World Disaster Report: Next Generation Humanitarian Technology

This year’s World Disaster Report was just released this morning. I had the honor of authoring Chapter 3 on “Strengthening Humanitarian Information: The Role of Technology.” The chapter focuses on the rise of “Digital Humanitarians” and explains how “Next Generation Humanitarian Technology” is used to manage Big (Crisis) Data. The chapter complements the groundbreaking report “Humanitarianism in the Network Age” published by UN OCHA earlier this year.
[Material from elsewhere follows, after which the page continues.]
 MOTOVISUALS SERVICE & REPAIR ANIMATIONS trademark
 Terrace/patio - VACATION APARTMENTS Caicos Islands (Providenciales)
The key topics addressed in the chapter include:

  • Big (Crisis) Data
  • Self-Organized Disaster Response
  • Crowdsourcing & Bounded Crowdsourcing
  • Verifying Crowdsourced Information
  • Volunteer & Technical Communities
  • Digital Humanitarians
  • Libya Crisis Map
  • Typhoon Pablo Crisis Map
  • Syria Crisis Map
  • Microtasking for Disaster Response
  • MicroMappers
  • Machine Learning for Disaster Response
  • Artificial Intelligence for Disaster Response (AIDR)
  • American Red Cross Digital Operations Center
  • Data Protection and Security
  • Policymaking for Humanitarian Technology

I’m particularly interested in getting feedback on this chapter, so feel free to pose any comments or questions you may have in the comments section below.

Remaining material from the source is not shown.